From 3bf5181687766960dc4e39bedcf0ba70cb77ff61 Mon Sep 17 00:00:00 2001
From: Heiko J Schick <heiko.schick@huawei.com>
Date: Tue, 30 Aug 2022 09:56:27 +0200
Subject: [PATCH] Initial commit

---
 TTS.py | 59 ++++++++++++++++++++++++++++++++++++++++++++++++++++++++++
 1 file changed, 59 insertions(+)
 create mode 100644 TTS.py
diff --git a/TTS.py b/TTS.py
new file mode 100644
index 0000000..632c6a4
--- /dev/null
+++ b/TTS.py
@@ -0,0 +1,59 @@
+# rm test.wav; python TTS.py; play test.wav
+
+# Sources:
+# — https://github.com/AI-Guru/arxiv-reader
+# — https://huggingface.co/facebook/fastspeech2-en-ljspeech
+
+from fairseq.checkpoint_utils import load_model_ensemble_and_task_from_hf_hub
+from fairseq.models.text_to_speech.hub_interface import TTSHubInterface
+import scipy
+import numpy as np
+import IPython.display as ipd
+import re
+
+
+models, cfg, task = load_model_ensemble_and_task_from_hf_hub(
+    "facebook/fastspeech2-en-ljspeech",
+    arg_overrides={"vocoder": "hifigan", "fp16": False}
+)
+
+TTSHubInterface.update_cfg_with_data_cfg(cfg, task.data_cfg)

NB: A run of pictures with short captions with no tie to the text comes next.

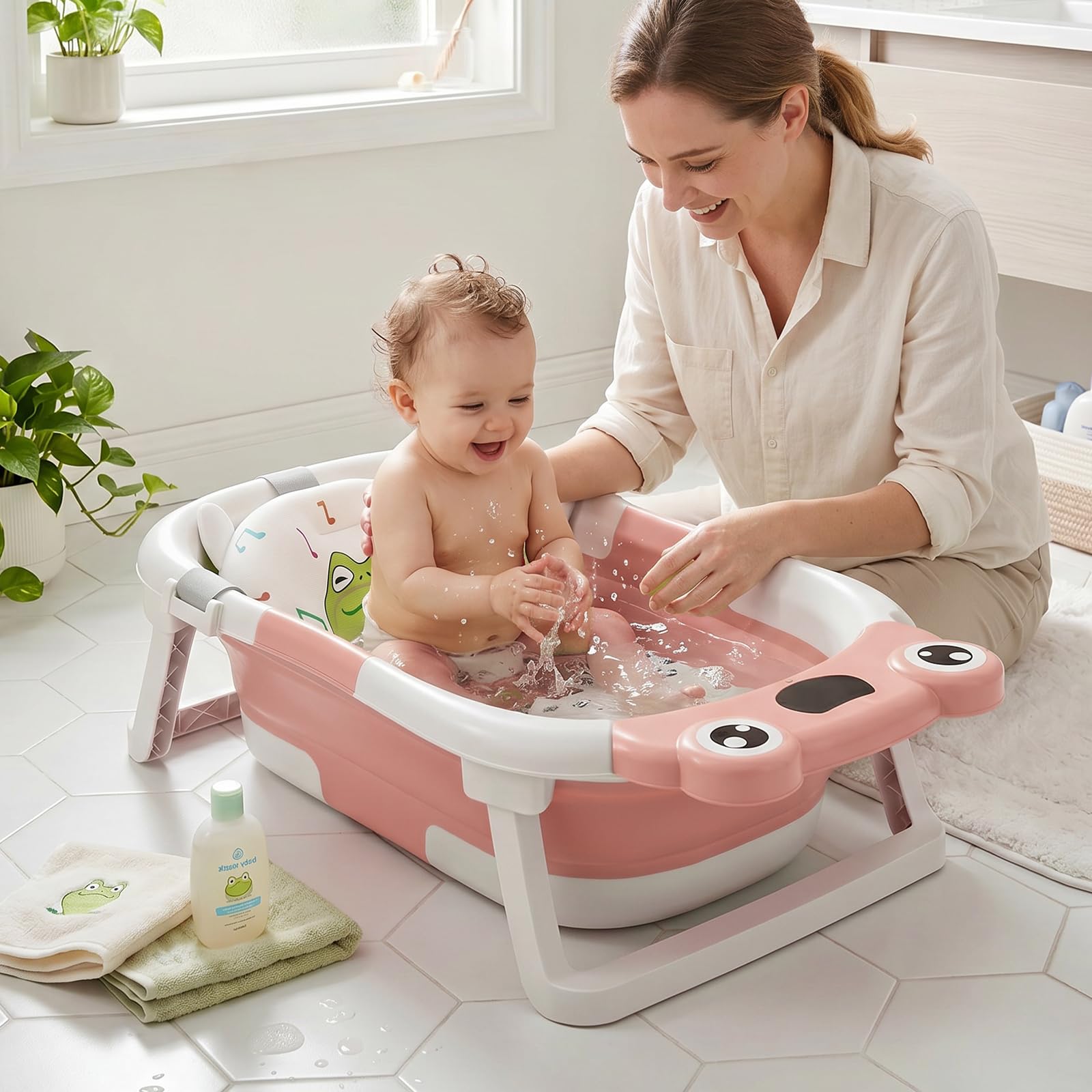 DEANIC Pliable Baignoire Bebe, Baignoire Bébé Naissance Adaptée aux Nouveau-nés de 0 à 24 Mois,Bain Bébés Portable, ne Prend Pas de Place (Rose)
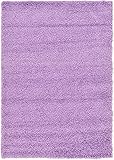 Unique Loom Solo Solid Shag Collection Modern Plush Lilac Rectangle (4' x 6')
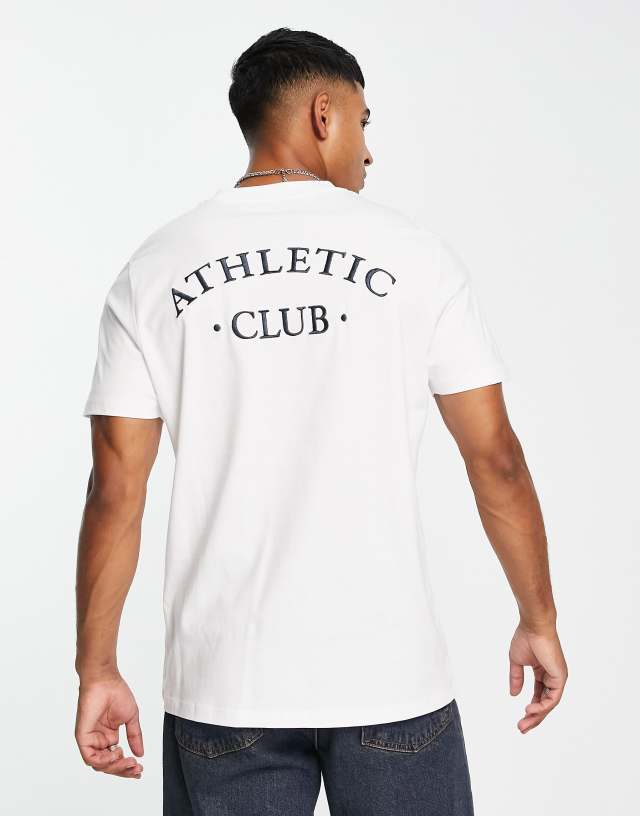 Jack & Jones Originals athletic back print T-shirt in white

+generator = task.build_generator(models, cfg)
+
+full_wave_file = []
+rate = 44100
+sentences = []
+
+# Read input file
+with open(f"input.txt", "r") as f:
+    lines = f.readlines()
+
+# Convert to sentences
+for line in lines:
+    line = line.replace("-", " - ")
+    line = line.replace("—", ". ")
+    line = line.replace(";", ". ")
+    for x in line.split(". "):
+        # print(x)
+        sentences.append(x.strip())
+        # print(sentences)
+        sentences.append("<PAUSE>")
+        # print(sentences)
+
+# Synthesis text
+for text in sentences:
+    if text == "":
+        continue
+
+    if text == "<PAUSE>":
+        full_wave_file.extend(np.zeros(rate))
+        continue
+
+    sample = TTSHubInterface.get_model_input(task, text)
+    wav, rate = TTSHubInterface.get_prediction(task, models[0], generator, sample)
+    
+    wav = wav.numpy()
+    full_wave_file.extend(wav)
+
+full_wave_file = np.array(full_wave_file, dtype=np.float32)
+scipy.io.wavfile.write("test.wav", rate, full_wave_file)